Thus, the “cultural revolution” of Khrushchev had several facets: from the publication of the works of former prisoners and the appointment in 1960 as Minister of Culture, which seemed very liberal E. A. Furtseva to the pogroms of the very first secretary of the Central Committee. The meeting of party and government leaders with literary and art figures on March 8, 1963 was exemplary in this regard. During the discussion of the issues of artistic mastery, Khrushchev allowed himself rude and unprofessional remarks, many of which were simply insulting to creative workers. So, describing the self-portrait of the artist B. Zhutovsky, the party leader and the head of the government directly stated that his work is an "abomination", "creepiness", "dirty daub", which is "disgusting to look at." The works of sculptor E. Neizvestny were called Khrushchev "nauseous cooking." The authors of the film “Zastava Ilyicha” (M. Khutsiev, G. Shpalikov) were accused of depicting “not fighters and not world converters”, but “idlers”, “semi-decomposed types”, “parasites”, “geeks” and "scum". With his ill-conceived statements, Khrushchev only pushed away a large part of society and deprived himself of the credit of trust that he had received at the XX Party Congress.

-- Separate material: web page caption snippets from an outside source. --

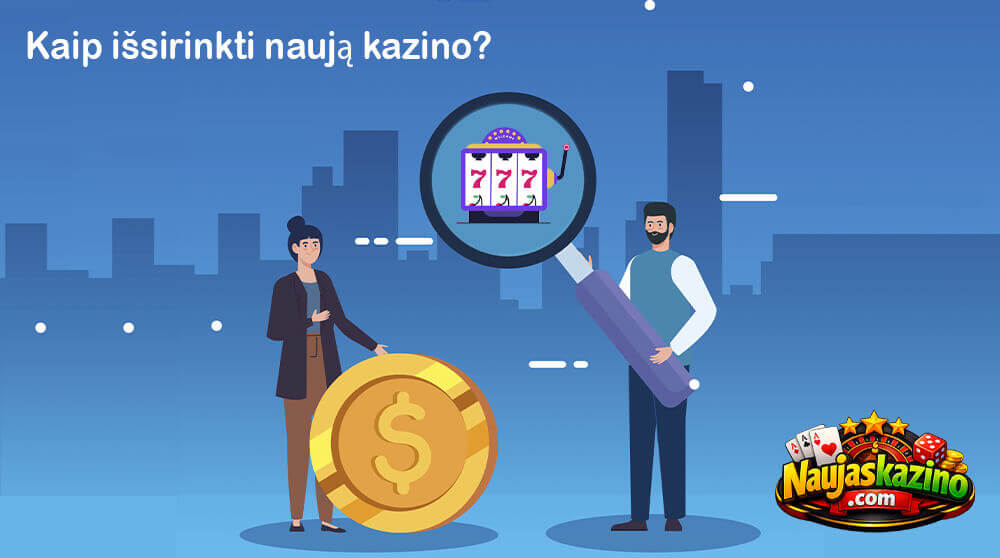 Vyras laiko padidinamąjį stiklą ir tikrina lošimo automatą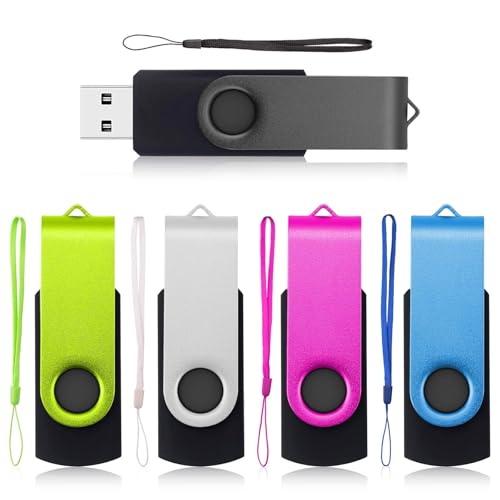 FEBNISCTE 5 piezas 2 GB USB 2.0 Flash Diseño Giratorio Pen Drive (5 Canales de Colores: Azul Negro Verde Morado Rojo)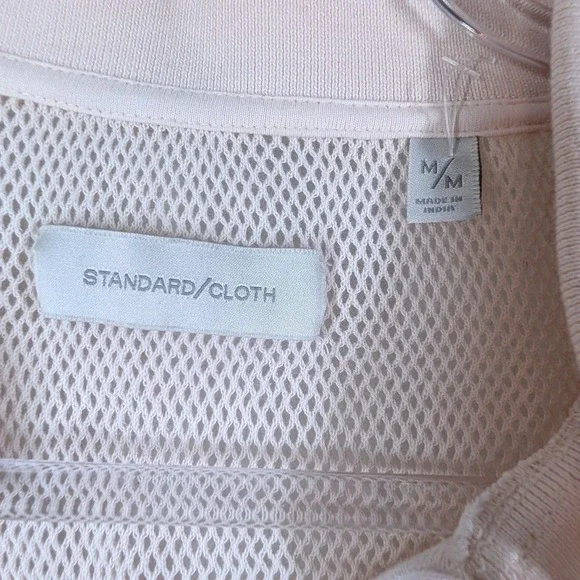 UA Standard Cloth Cream Open Knit Cropped Polo Short Sleeve V-Neck Shirt Beige - Picture 4 of 6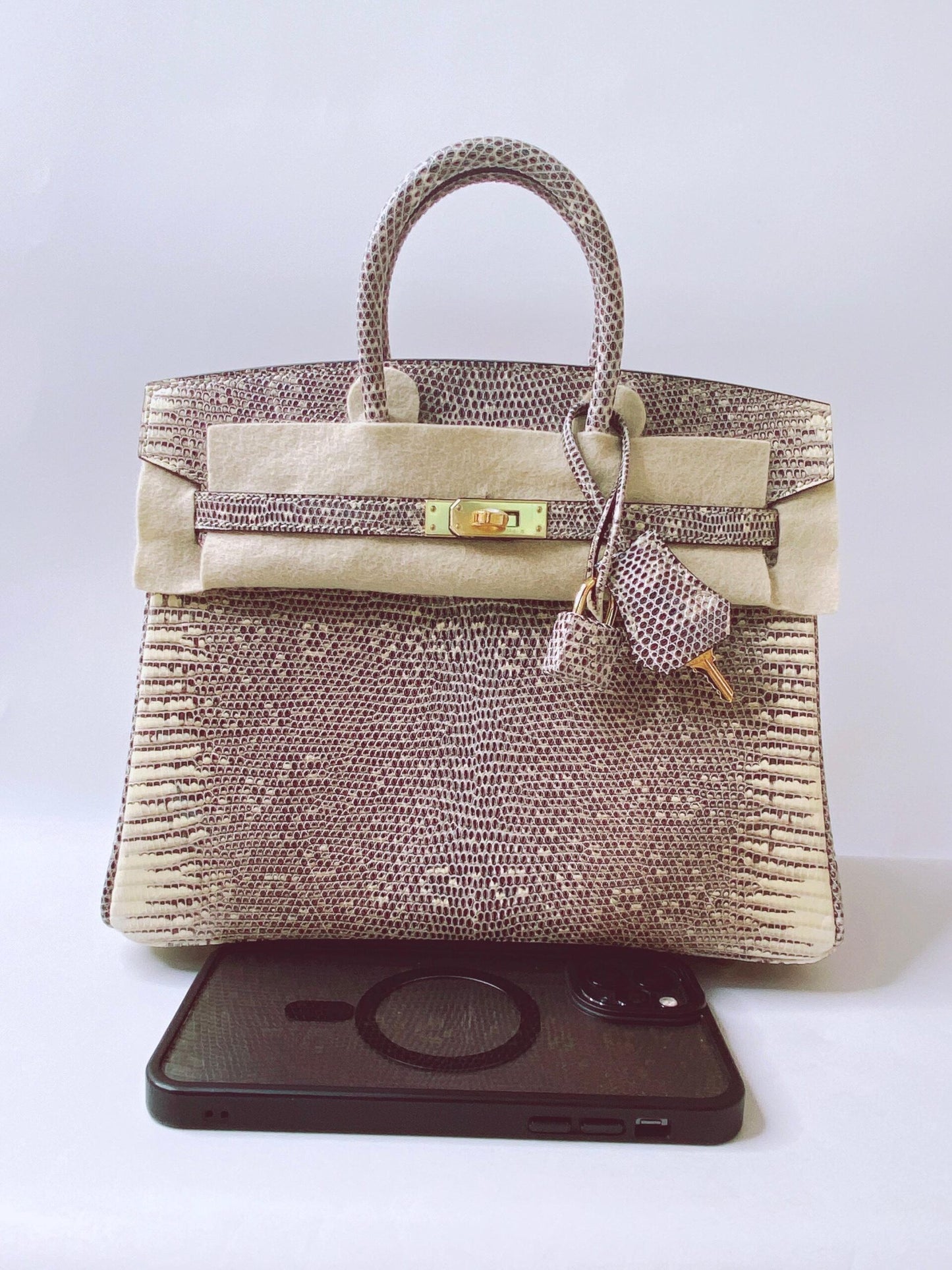 BIRKIN 25 LIZARD SALVATOR OMBRE PALLADIUM HARDWARE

In the field of education in the second half of the 50s. The Soviet Union has achieved significant success. In December 1958, a law was adopted to strengthen the school’s connection with life, concerning the further development of the public education system. Instead of seven years of study in the country, compulsory eight-year education was introduced. By 1963, this initiative was implemented everywhere. At the same time, the school received a "polytechnic" profile, which suggested a combination of education and labor activity, so that students had an idea of one or several professions. It is generally believed that the latter circumstance did not give positive results. Schools were not equipped with any modern equipment for teaching young people to working professions, and enterprises, in turn, could not carry out the “pedagogical burden” that had unexpectedly fell on them. The proposed system of education only worsened the general education of schoolchildren, without giving them professional skills.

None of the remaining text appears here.